There is a general push in favour of greater data transparency, particularly in the EU. Clinical Trial Regulation 536/2014, which came into effect in 2019 and will apply from mid-2020, creates an EU portal for publishing data once a Marketing Authorisation Application is submitted (even if the application is ultimately refused). However, ensuring that identifying data is fully cleansed prior to publication may be difficult, particularly in relation to small data sets.

So how to balance these conflicting pressures?

Since data needs to be disaggregated to ensure fair clinical outcomes, data controllers need to find better ways of meeting the enhanced requirements of the GDPR for sensitive medical data, while ensuring that there is no compromise to the proper analysis of data.

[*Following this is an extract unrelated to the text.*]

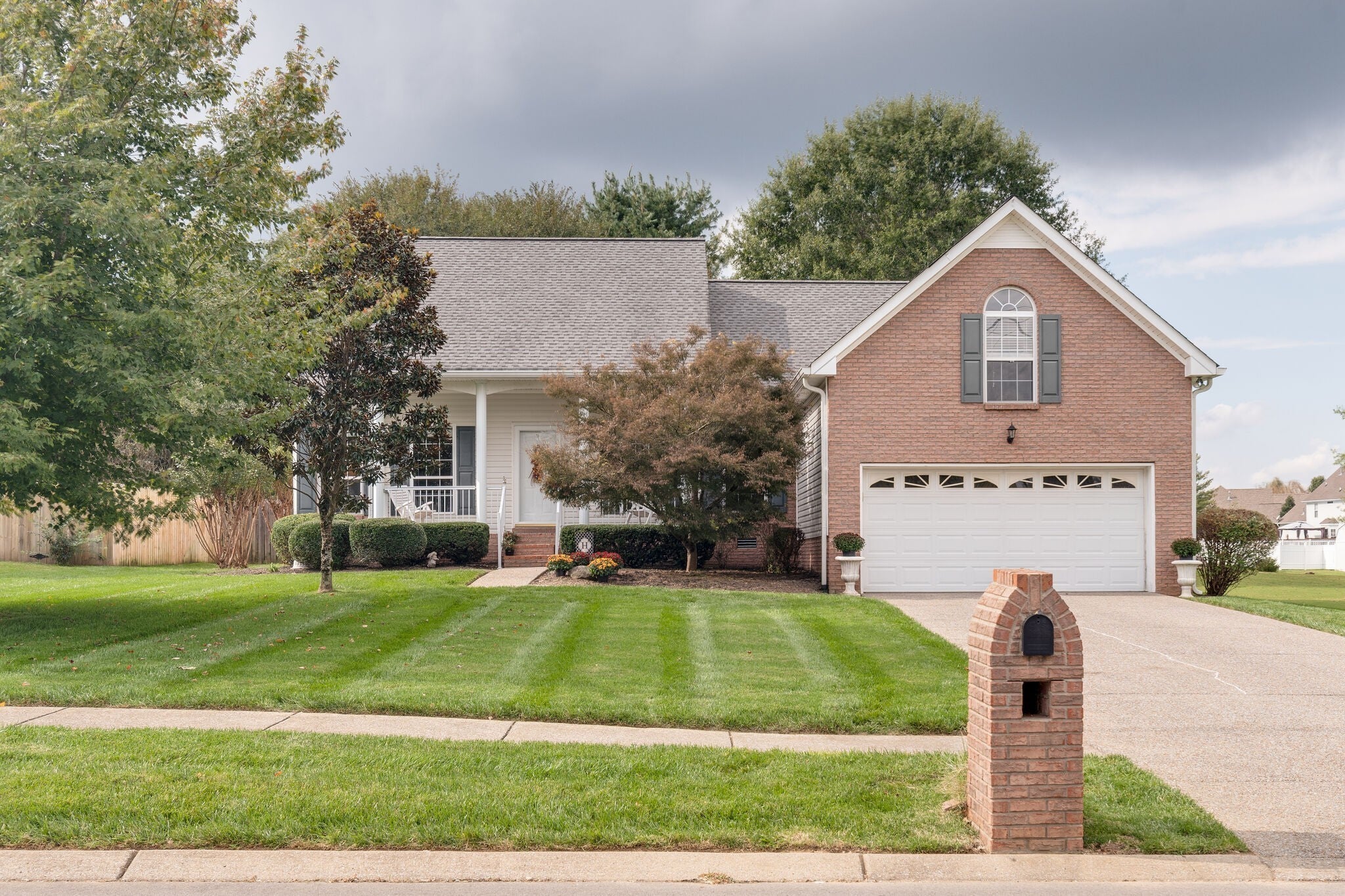 Cambridge Farms Homes For Sale Gallatin TN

Unfortunately there are no simple solutions to these conflicting priorities but the application of the core GDPR principles of privacy by design and default is the best place to start. At the design stage of every trial process, sponsors will need to consider each aspect from a privacy perspective, including:

  • The process they use to obtain patient consent to data processing (separate from consent to participate in a trial).
  • When to carry out Data Protection Impact Assessments and at what level of detail.
  • Whether there are procedures in place for data de-identification (removal of data which can identify individuals but lacking clinical values such as patient identifiers, free text entries or referral and other dates).
  • Whether there is a separate anonymisation process to eliminate all links between de-identified data and the original datasets from which it was drawn.

When determining what data to collect and what to exclude, it is important to remember that even indirect identifiers such as a date of birth or height and weight data can, when combined in small enough datasets, lead to patient identification, so the size of the trial or study will be an important factor in determining the best course of action.

Representation as a solution?

Of course one way to avoid the inadvertent processing of data that is insufficiently anonymised because of sex-based disaggregation is to ensure greater representation for women in clinical trials in the first place. The inherent risk in disaggregating the data of 100 people on the basis of sex is obviously much lower if the people include 50 women rather than 5. In some jurisdictions, clinical testing regulations restrict testing of certain products and drugs on women of childbearing age and it is often harder to recruit women for clinical trials.

In the absence of rapid change in female representation in drug and medical device testing, proper analysis of the data that is gathered and the differences based on sex will be the next best thing. While there may be a temptation to resist such improvements under the pretext of GDPR requirements, proper trial planning should mean that the aims of better data and fairer data processing are far from incompatible.